“It’s all about the 45/Something about the feel and the vibe“
“MACKA B is always about social commentary,” states the veteran British reggae DJ as he launches into ‘Sex Machine’ and gets the crowd to chant its chorus, “She’s more than a sex machine/The woman is a human being”.
It’s just one more song from a vault of danceheall favourites that typify the Wolverhampton native’s approach, honed over more than 30 years as a solo recording artist, of delivering positive messages to vibrant reggae rhythms.
Previously Macka was a DJ, or toaster, on sound systems in the West Midlands and he can sometimes sound detached from the music on his recorded work; as if he has no greater relationship with the music than a DJ on a sound.
But live on the Friday night stage Macka works in perfect union with his four piece Roots Ragga band. Lyrics, points of view or punctuation marks are delivered in perfect timing to the crash of a drumbeat or flourish from the keyboard player.
The message is crucial to Macka B’s songs which are delivered with clarity from an assured mic man who also rightfully acknowledges the sound engineer when he introduces the band to the February 26 audience. When the lyrics are so important it’s good to be able to hear them with perfect clarity.
Macka’s delivery draws you in, even on songs you don’t know, his lyrics are so well thought out you can easily follow his chain of thought. But this is no dry lecture, Macka is as well-known for his wit and gentle persuasiveness as he is for his uncompromising, principled personality clearly shaped by his Rasta faith.
He commands the stage, easy when you’re “6ft 3″ and double extra-large”. The patron of the Vegan Society revealed his personal details as he introduced ‘Wha’ Me Eat’ in which he reels off a list of his favourite food stuffs, inspired by the bemused questioning of promoters who want to know what they can feed him as he tours the world.

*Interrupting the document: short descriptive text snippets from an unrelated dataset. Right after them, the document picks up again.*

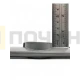 Разбрызгиватель для посудомоечной машины Electrolux (Электролюкс), Zanussi (Занусси), AEG (АЕГ) 1527169120, 1527169112, 1527169039, 1527169021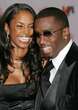 Diddy's freak-off arrest would have Kim Porter 'turning over in her grave,' her ex-lawyer says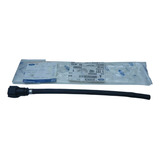 Cc119d350bb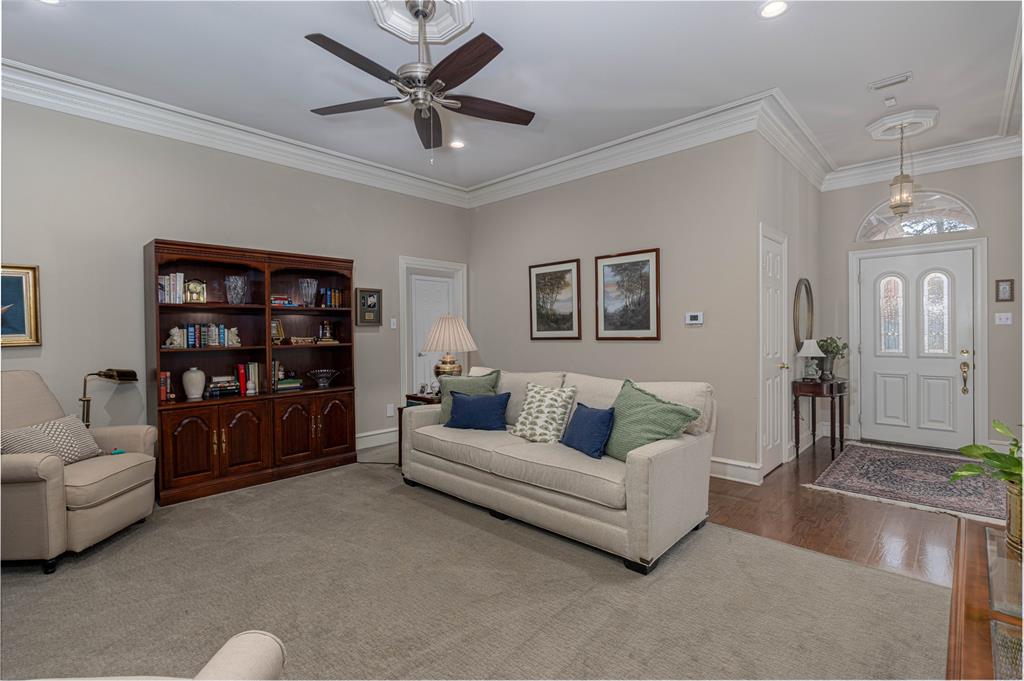 3312 Pebblebrook Property Photo 4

During his first hour on stage Macka only performed one song, ‘Rasta Tell Them’ from his new album ‘Never Played a 45’, released on the Peckings label. The album is a reflective effort from a middle-aged performer. ‘Rasta Tell Them’ celebrates the vindication of many of Macka’s previous teachings, from ganja’s medical benefits to what meat eaters are swallowing: “Look now what come to pass/Nuff a them yam the horse with the Reggae, Reggae sauce”.

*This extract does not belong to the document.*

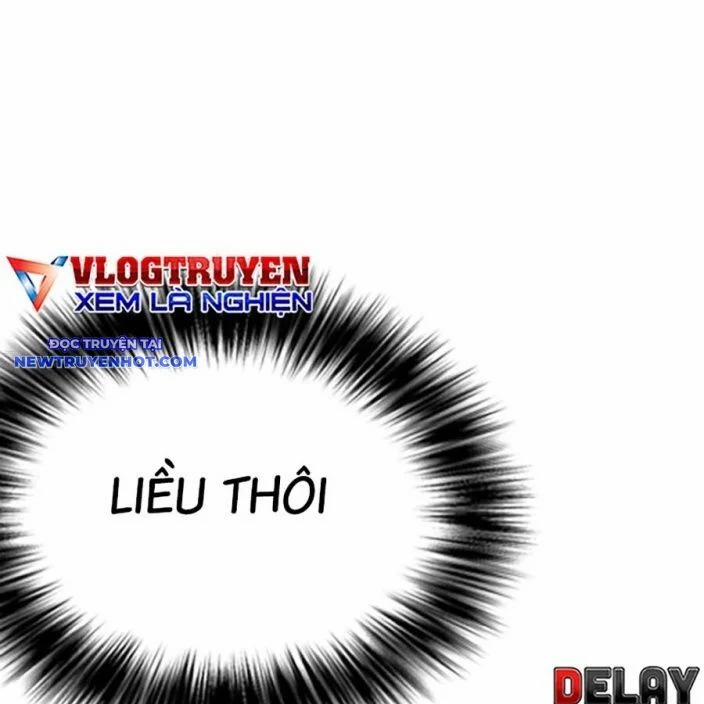 Loser Giỏi Võ 93 trang 200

When Macka returns for a 30 minute encore, he brandishes a round shiny, black disc, which he holds through the large round hole in the middle of it. He asks if younger audience members know what it is, of course they do. It’s the perfect prop to introduce his latest single.
‘Medical Marijuana Card,’ also from the new album follows and Macka invites tonight’s support, Cardiffian Sun I Tafari back on stage to perform their single, ‘Jancro’ a take on Bob Marley’s ‘Crazy Baldhead’.
Sun I had earlier played a 55 minute support set with his band of local musicians, the High Jah Vibes Band showcasing his original new roots music and gruff vocal style.
Like Macka B, Sun I first touched the mic as a soundman, as part of Cardiff roots devotees Ascension Sound. If it can be hard as a sound system in the small reggae scene in Cardiff it must be harder still as a vocalist or musician but Sun I has persevered and is breaking through. As well as recording with Macka B, Sun I is working with Seanie B, the DJ and producer who contributed to Morgan Heritage’s ‘Strictly Roots’ album which this month won the best reggae Grammy award.
Also representing the Cardiff reggae scene was DJ Reno of Love & Harmony Sounds who acted as host to introduce a headliner who represents the past and present of British made reggae music and a support act that promises a fruitful future as well.